- _WHAT TO WORK ON_:
The records are set out below this line. Return exactly the lines from the one containing "SMOKING OAKS ADD - Residential" through the last, and exclude the pictures.

EXERCISE MATERIALS Start Marker

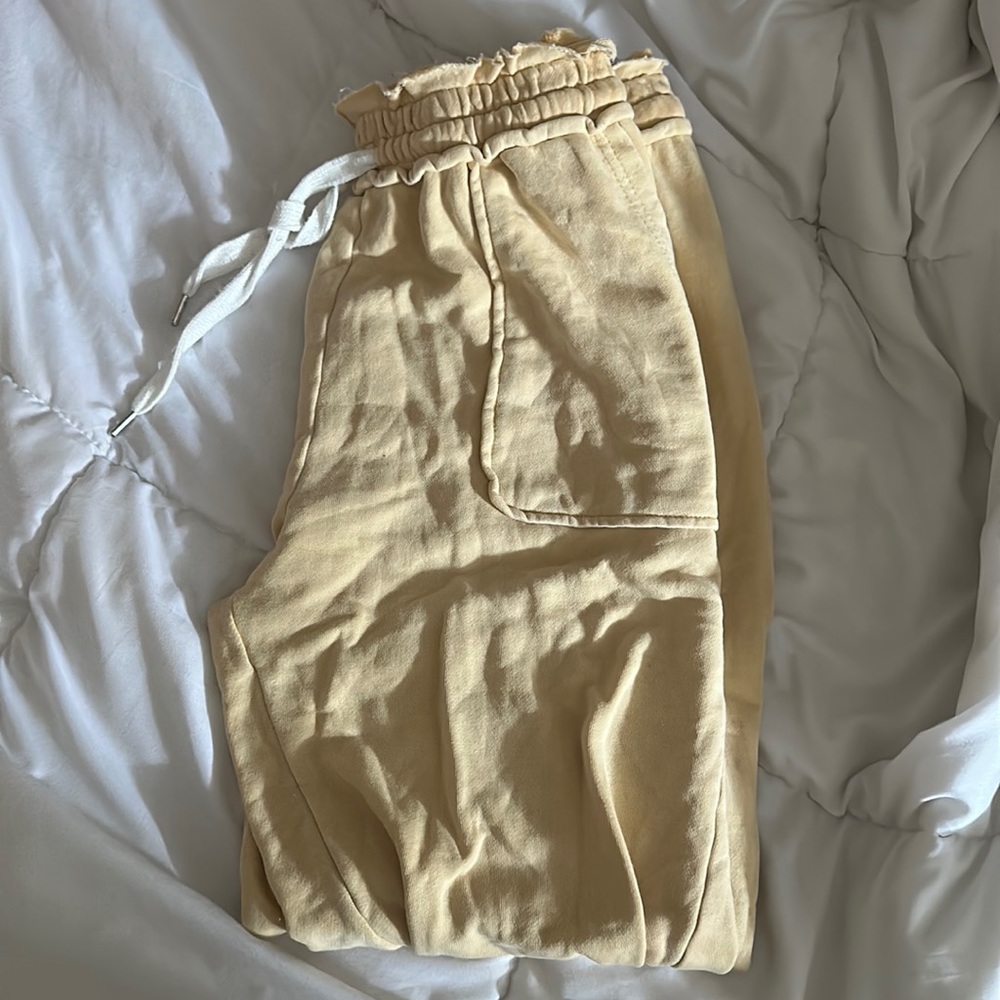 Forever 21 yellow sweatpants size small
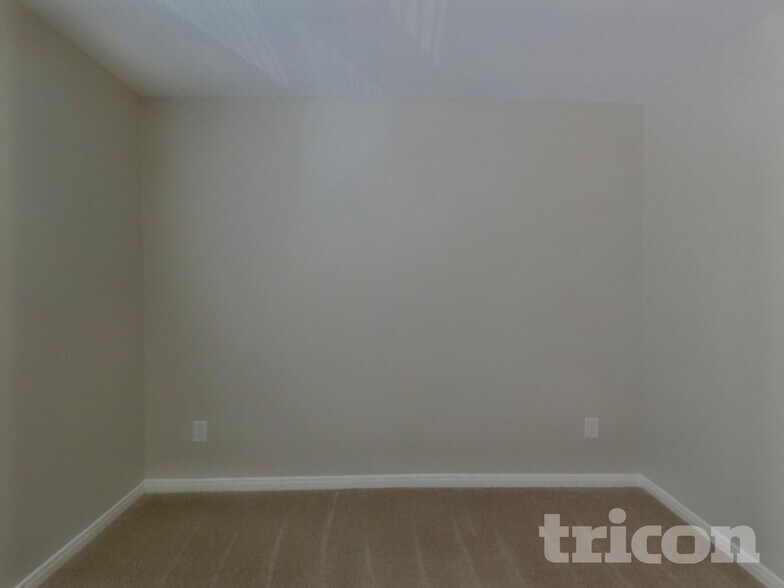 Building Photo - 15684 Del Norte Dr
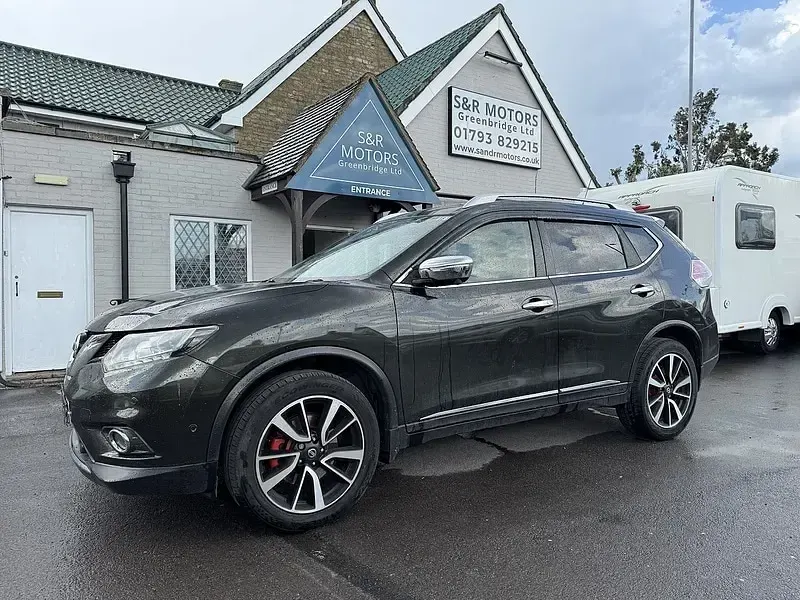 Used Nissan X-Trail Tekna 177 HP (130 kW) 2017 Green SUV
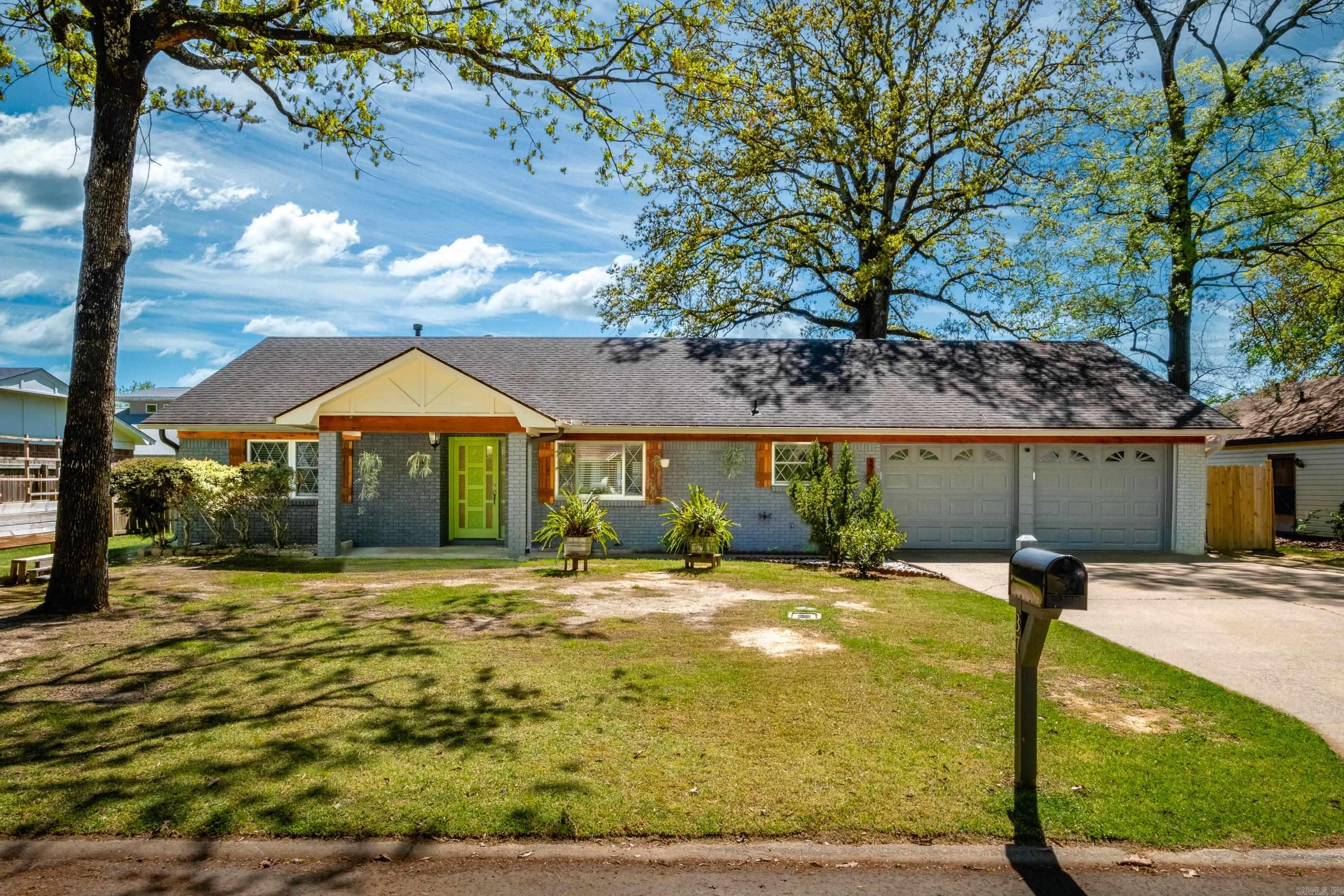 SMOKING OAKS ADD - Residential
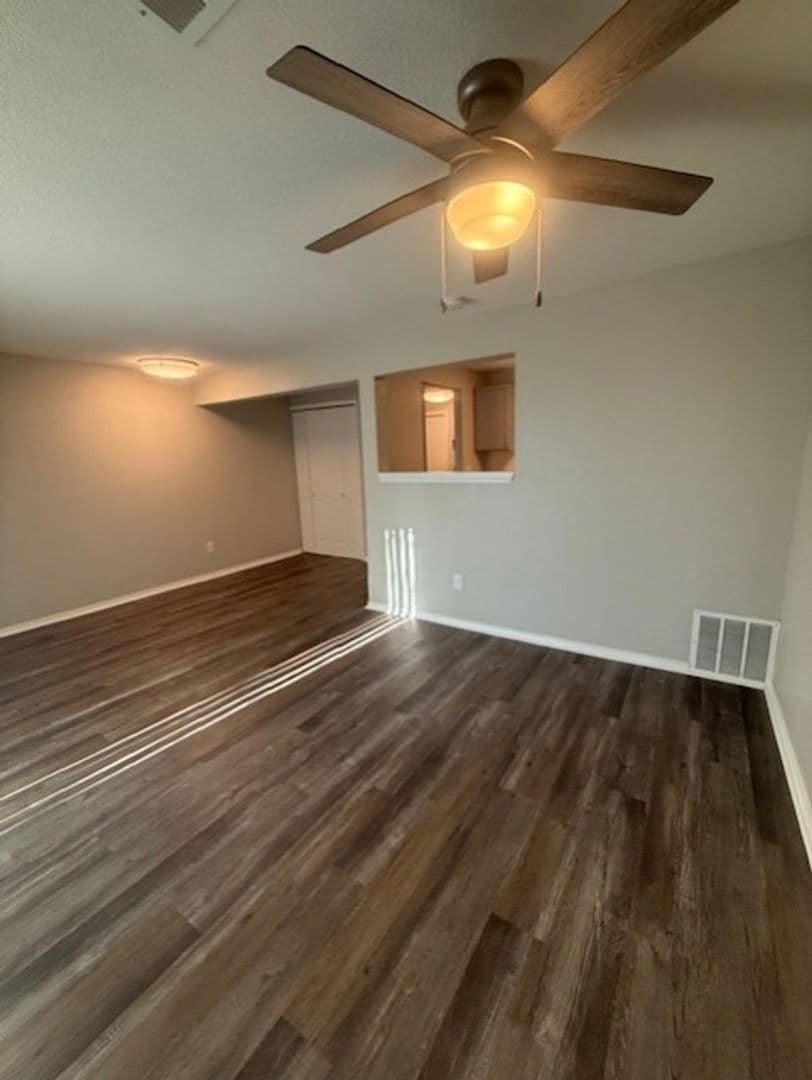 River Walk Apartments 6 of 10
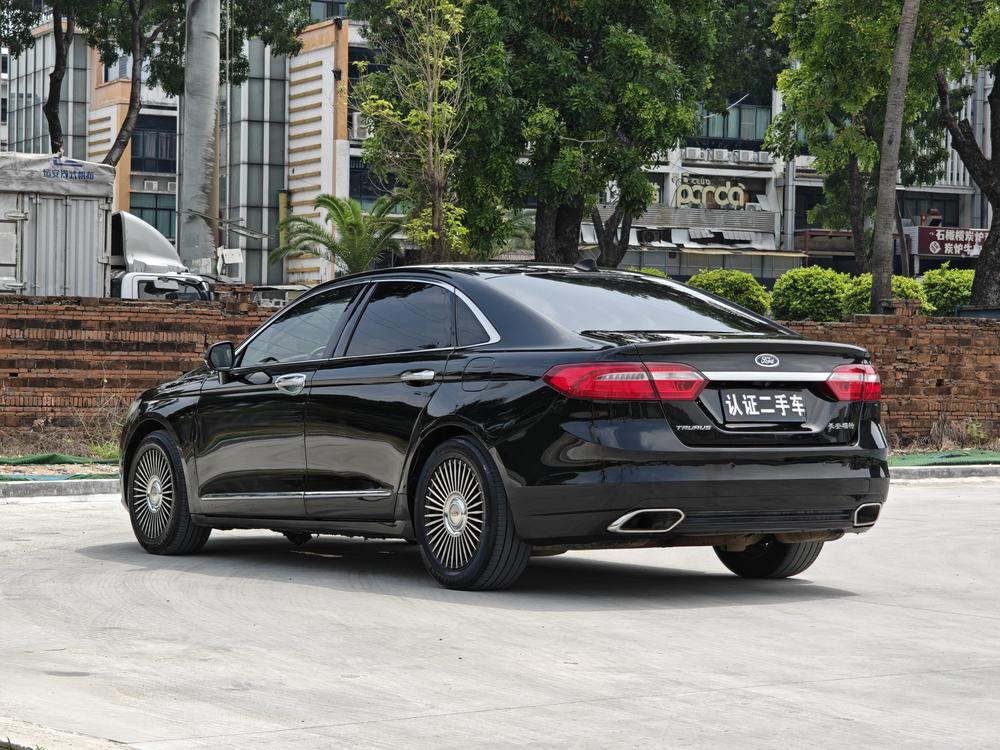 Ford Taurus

EXERCISE MATERIALS End Marker

- _TASK RESPONSE_:
 SMOKING OAKS ADD - Residential
 River Walk Apartments 6 of 10
 Ford Taurus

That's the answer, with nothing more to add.